*** Opening of Source material ***

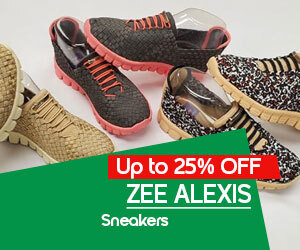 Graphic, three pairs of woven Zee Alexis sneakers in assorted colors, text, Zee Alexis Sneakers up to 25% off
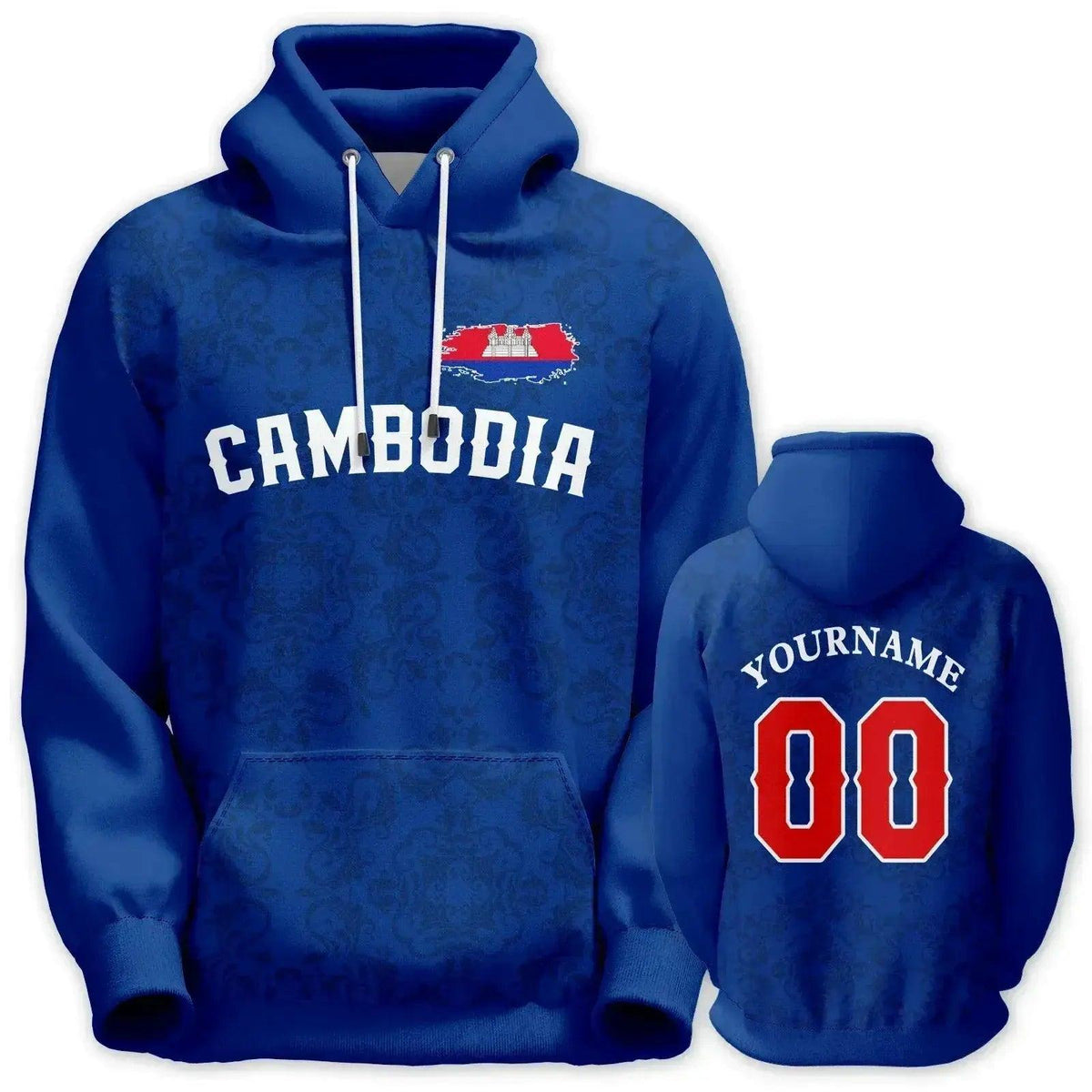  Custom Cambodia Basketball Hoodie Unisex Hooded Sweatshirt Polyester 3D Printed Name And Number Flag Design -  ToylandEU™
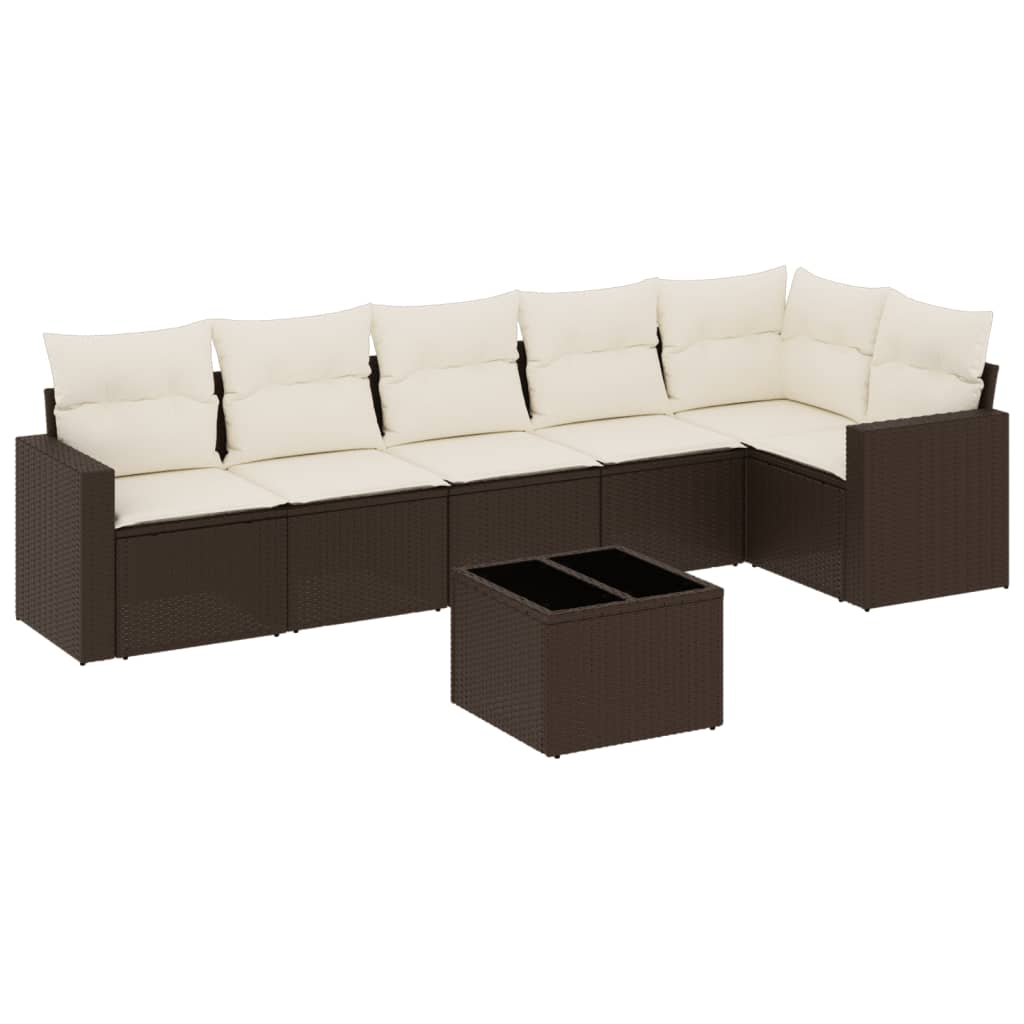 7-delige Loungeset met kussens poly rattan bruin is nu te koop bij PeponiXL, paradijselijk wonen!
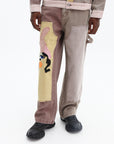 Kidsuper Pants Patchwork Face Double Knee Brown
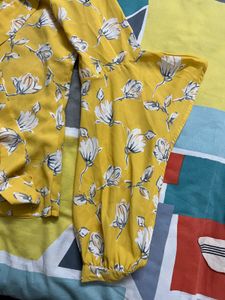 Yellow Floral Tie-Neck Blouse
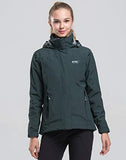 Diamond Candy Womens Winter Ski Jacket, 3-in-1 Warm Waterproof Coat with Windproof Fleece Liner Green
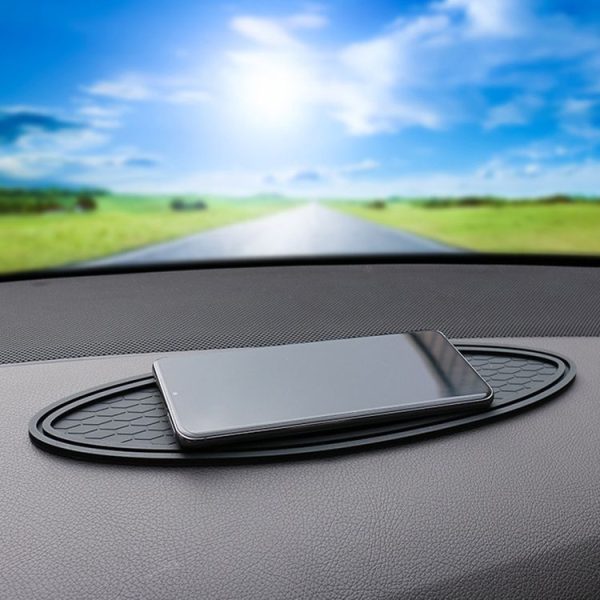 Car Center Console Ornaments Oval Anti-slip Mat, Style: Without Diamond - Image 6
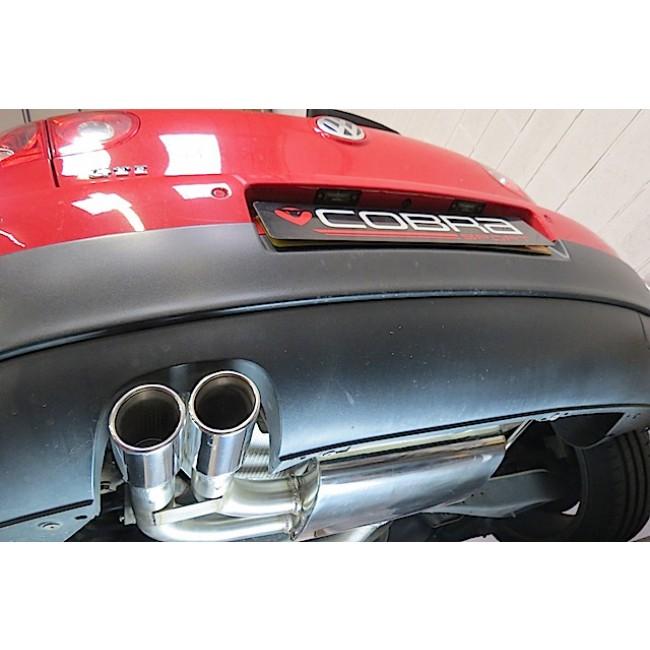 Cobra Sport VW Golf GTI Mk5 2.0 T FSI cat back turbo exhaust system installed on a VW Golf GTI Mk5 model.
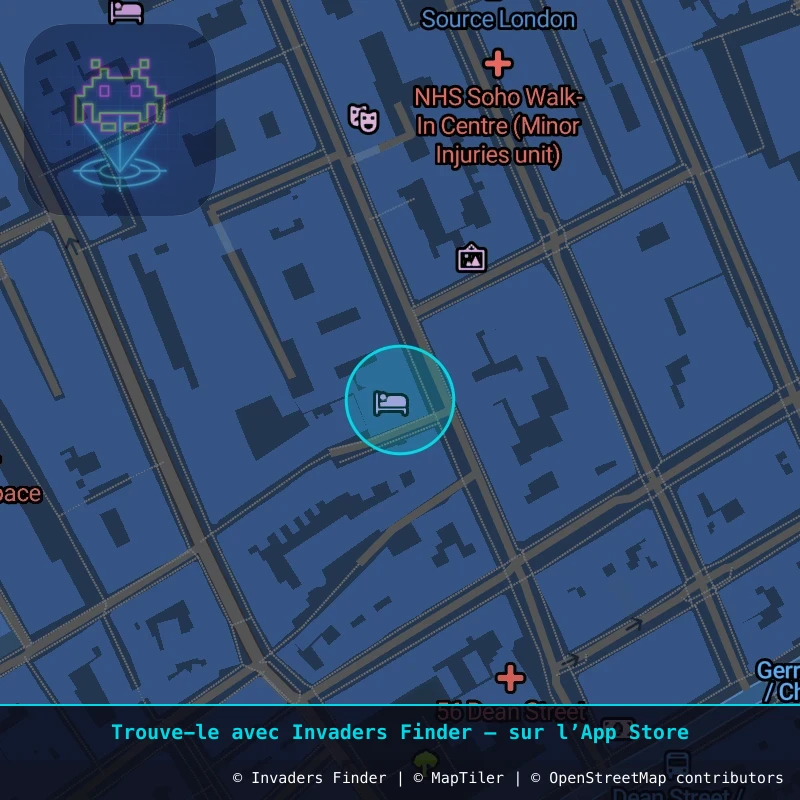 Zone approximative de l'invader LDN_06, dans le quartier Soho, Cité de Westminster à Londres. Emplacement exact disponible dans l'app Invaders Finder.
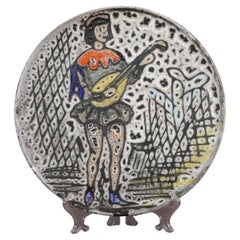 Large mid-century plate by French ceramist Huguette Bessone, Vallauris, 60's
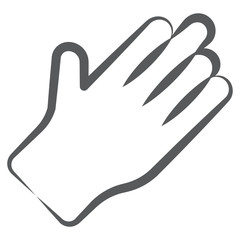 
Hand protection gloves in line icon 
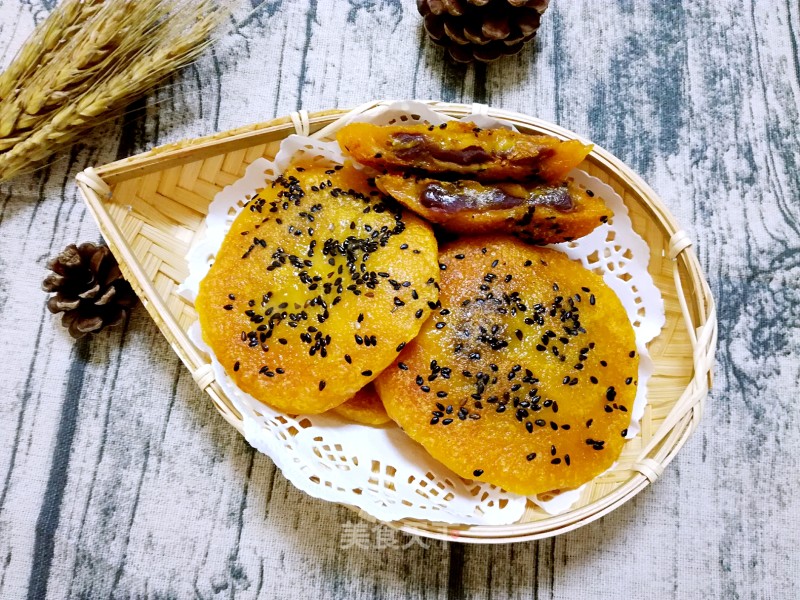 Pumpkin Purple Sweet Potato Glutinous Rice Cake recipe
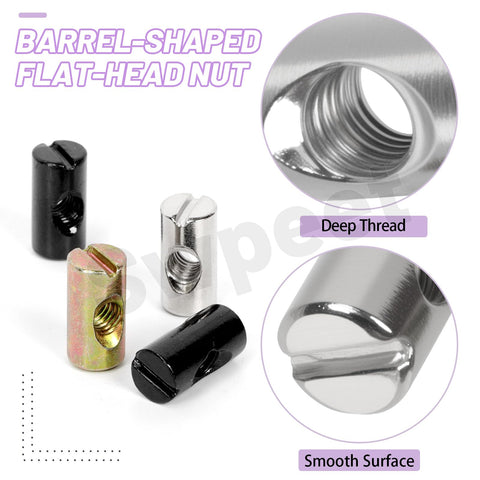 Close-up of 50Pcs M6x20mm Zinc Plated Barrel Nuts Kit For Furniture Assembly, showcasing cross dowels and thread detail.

*** Close of Source material ***

Task to complete -
Retype exactly the lines from the line containing "Yellow Floral Tie-Neck Blouse" through the end of the entries above, including both ends, and leave every picture out.

Result below -
 Yellow Floral Tie-Neck Blouse
 Diamond Candy Womens Winter Ski Jacket, 3-in-1 Warm Waterproof Coat with Windproof Fleece Liner Green
 Car Center Console Ornaments Oval Anti-slip Mat, Style: Without Diamond - Image 6
 Cobra Sport VW Golf GTI Mk5 2.0 T FSI cat back turbo exhaust system installed on a VW Golf GTI Mk5 model.
 Zone approximative de l'invader LDN_06, dans le quartier Soho, Cité de Westminster à Londres. Emplacement exact disponible dans l'app Invaders Finder.
 Large mid-century plate by French ceramist Huguette Bessone, Vallauris, 60's
Hand protection gloves in line icon 
 Pumpkin Purple Sweet Potato Glutinous Rice Cake recipe
 Close-up of 50Pcs M6x20mm Zinc Plated Barrel Nuts Kit For Furniture Assembly, showcasing cross dowels and thread detail.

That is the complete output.